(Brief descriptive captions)
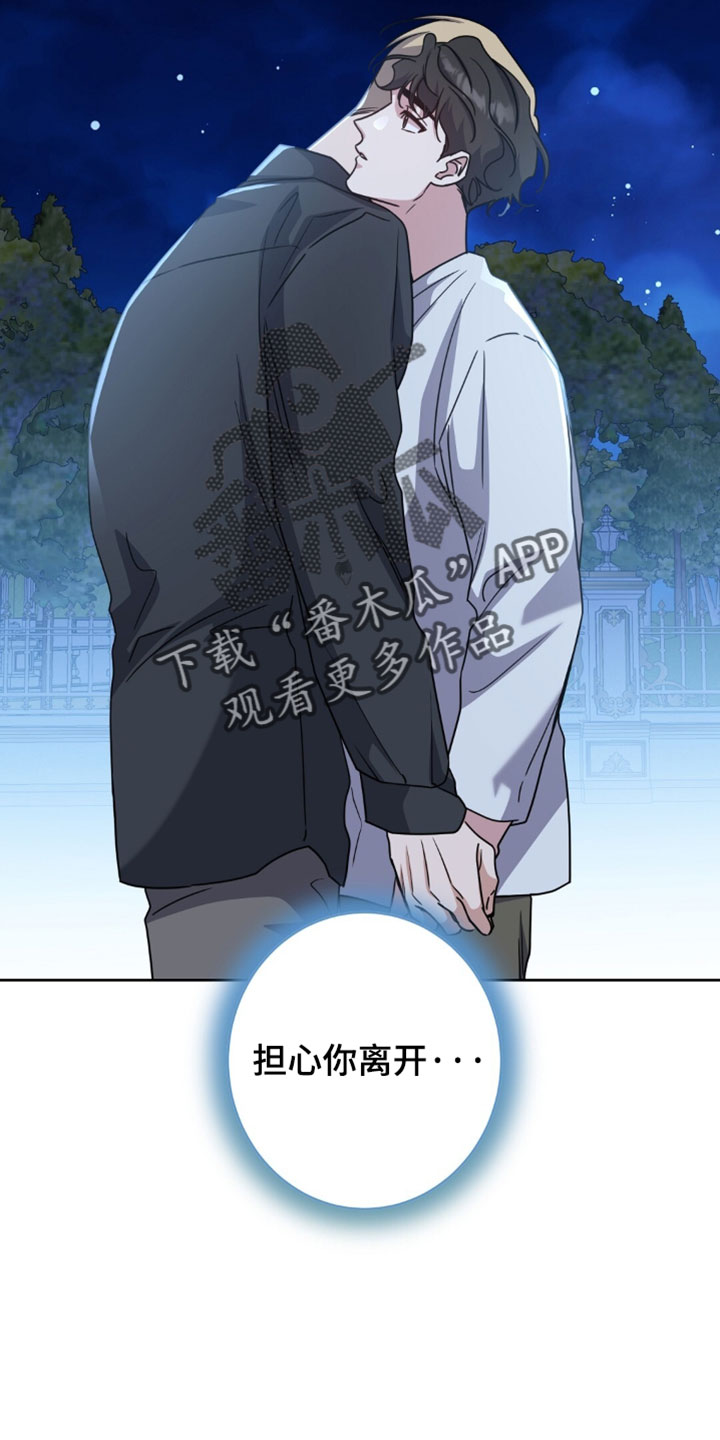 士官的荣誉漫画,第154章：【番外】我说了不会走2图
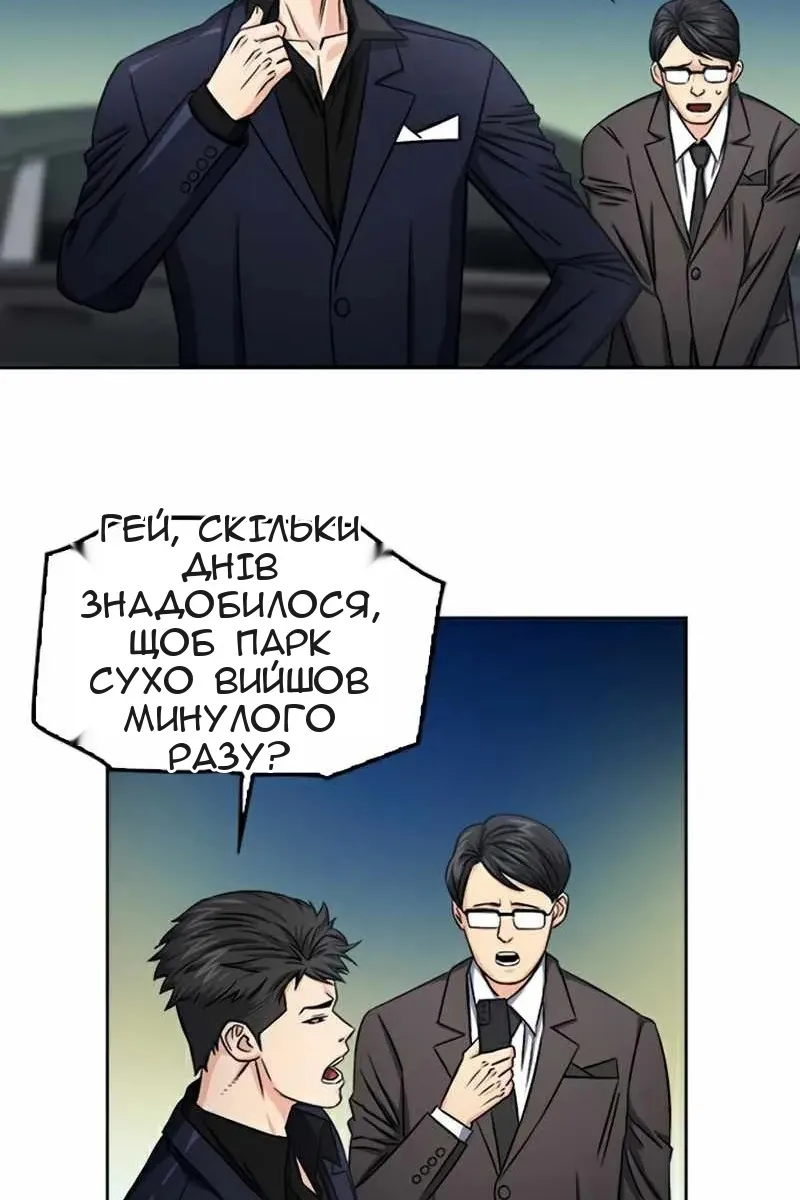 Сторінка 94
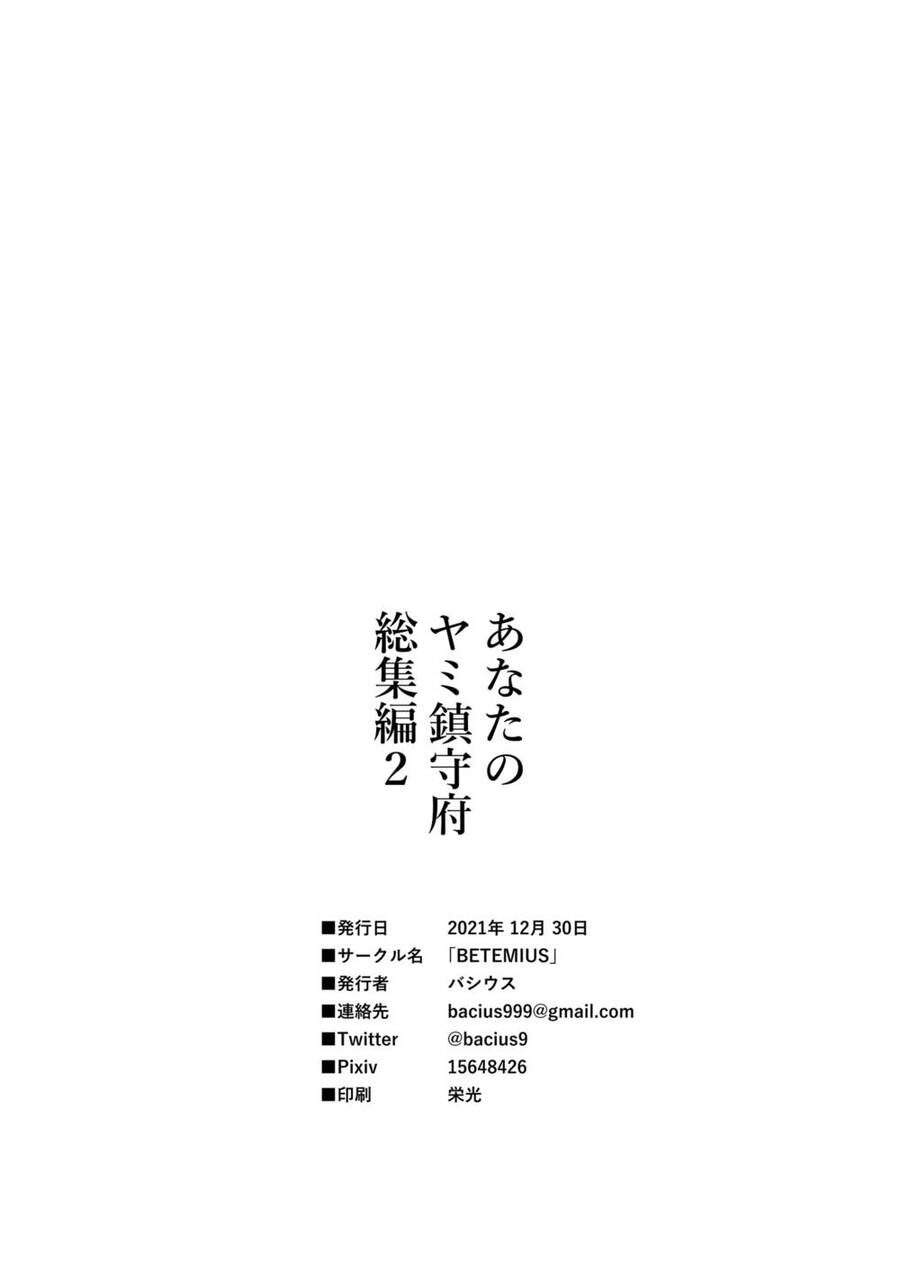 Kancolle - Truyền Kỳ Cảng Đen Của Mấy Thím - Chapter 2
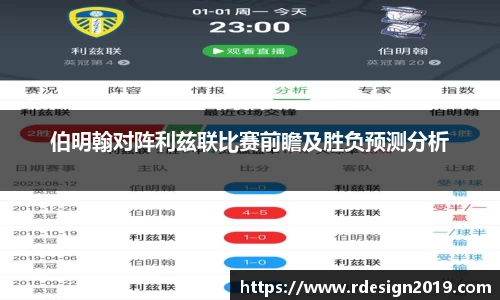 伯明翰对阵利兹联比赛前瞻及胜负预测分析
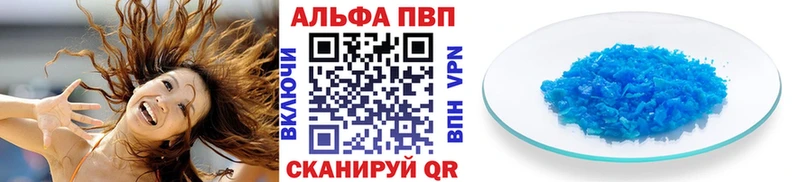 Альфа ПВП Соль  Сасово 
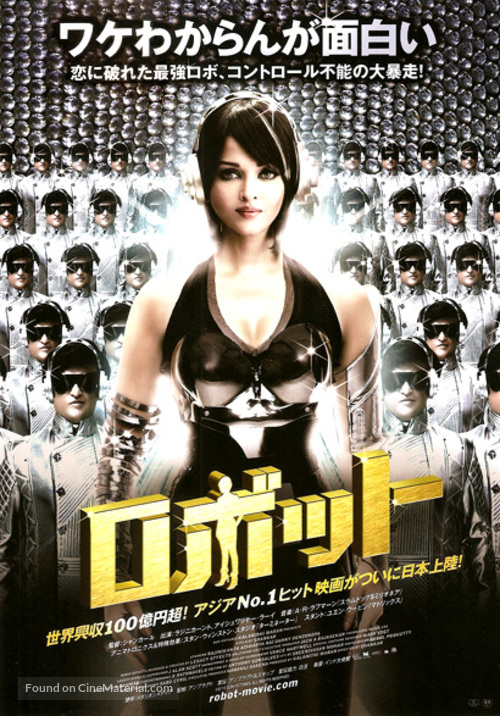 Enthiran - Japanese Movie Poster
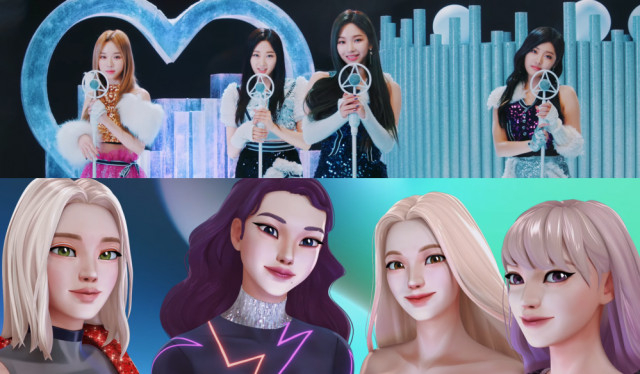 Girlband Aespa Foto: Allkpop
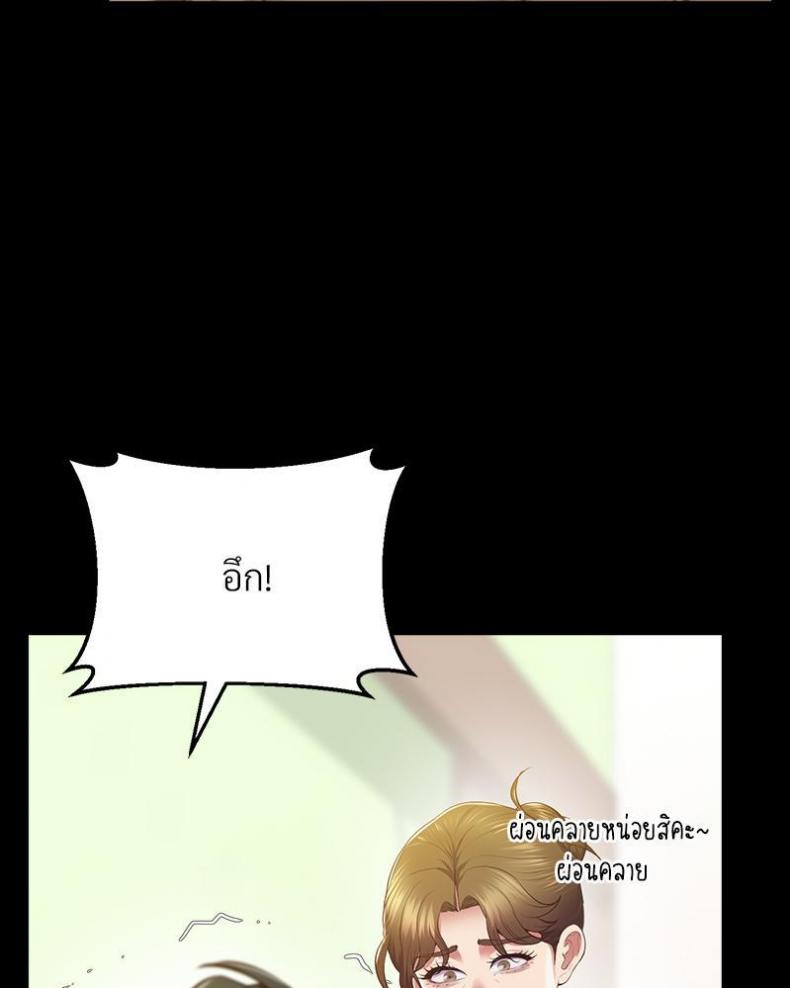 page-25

**The task:** Keep every word of the records and none of the pictures when you print them again.

**Task output:**
 士官的荣誉漫画,第154章：【番外】我说了不会走2图
 Сторінка 94
 Kancolle - Truyền Kỳ Cảng Đen Của Mấy Thím - Chapter 2
 伯明翰对阵利兹联比赛前瞻及胜负预测分析
 Альфа ПВП Соль  Сасово 
 Enthiran - Japanese Movie Poster
 Girlband Aespa Foto: Allkpop
 page-25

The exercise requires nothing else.